Though Streif, at Velocium, counts W-band wireless power amplifiers as a major opportunity, Franzosa — a former Motorola wireless engineer — said he has his doubts.

"We are always looking at new markets that could take advantage of performance, and potentially the cost advantage, of InP. But in my opinion, for wireless power amplifiers. . .in terms of utilizing InP versus SiGe or GaAs, its tough, because you have a cost issue. And you have to have a significant performance advantage to offset that. Even if you have one, if you look at it from the macroscopic view, its not enough. So when you start looking at the performance advantage of InP, you have to back this out and look at the whole system."

Cornell professsor Eastman agreed. From his vantage point as an advisor to several InP startups, Eastman said he believes "it would not be wise to push indium phosphide into the wirless space" for power amplifiers. "Silicon is eating the lunch of the III-V people in the wireless space," Eastman said.

Where indium phosphide wins out over SiGe, Eastman said, is in applications, such as amplifiers operating in the 100 GHz range. "Silicon germanium may run out of steam, because in many of these applications you don't just require speed, you need volts, and you can never get enough volts out of SiGe."

Sokolich said HRL Labs is investigating the use of InP for the voltage control oscillator for automotive collision avoidance radar operating in the 77-GHz range, a potentially new and large market.

But Sokolich acknowledges that OC-768 is the best opportunity for the InP companies, and argues that "that is a market that is small and will stay small, so it is best suited for the startups."

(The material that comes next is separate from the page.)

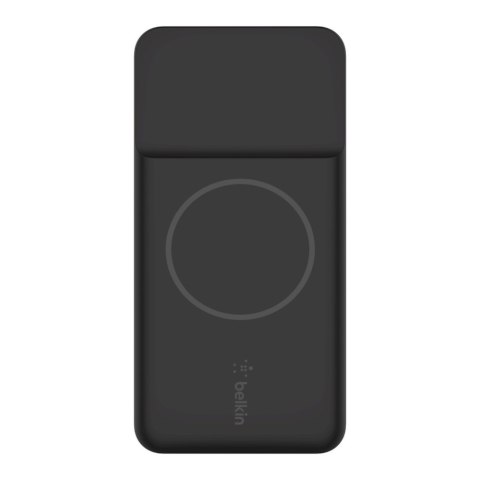 PowerBank 10 000 mAh 10W magnetyczny, bezprzewodowy + 18W PD, czarny PowerBank 10 000 mAh 10W magnetyczny, bezprzewodowy + 18W PD, czarny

Despite today's calamitous telecom industry situation, real opportunities exist, according to Strategies Unlimited, a market research firm based in Mountain View, Calif., which recently issued a report on the market prospects for indium phosphide.

The report, based on an expectation that the communications device market will produce revenues of $2.6 billion in the next four years, estimates that InP devices, including advanced laser diodes and detector ICs, will garner revenues exceeding $500 million in 2006, with the potential to reach several billion dollars in annual revenues within the next 10 years.

With delays expectable ahead for both 3G wireless — where Velocium and perhaps others see great promise — and for OC-768, which companies will survive and prosper?

Perhaps the business challenge is best summed up by Nguyen, who studied under Eastman at Cornell and then spent a dozen years at HRL Labs before founding Inphi: "Clearly the market environment is difficult. There is no question about that.

"For OC-768, no one is in mass production anyway, so this is the development phase, with volumes really hitting in '04. This is a shakeout period, and only the best company, whether it is a component company or a box company, only the best will be able to raise money and remain viable."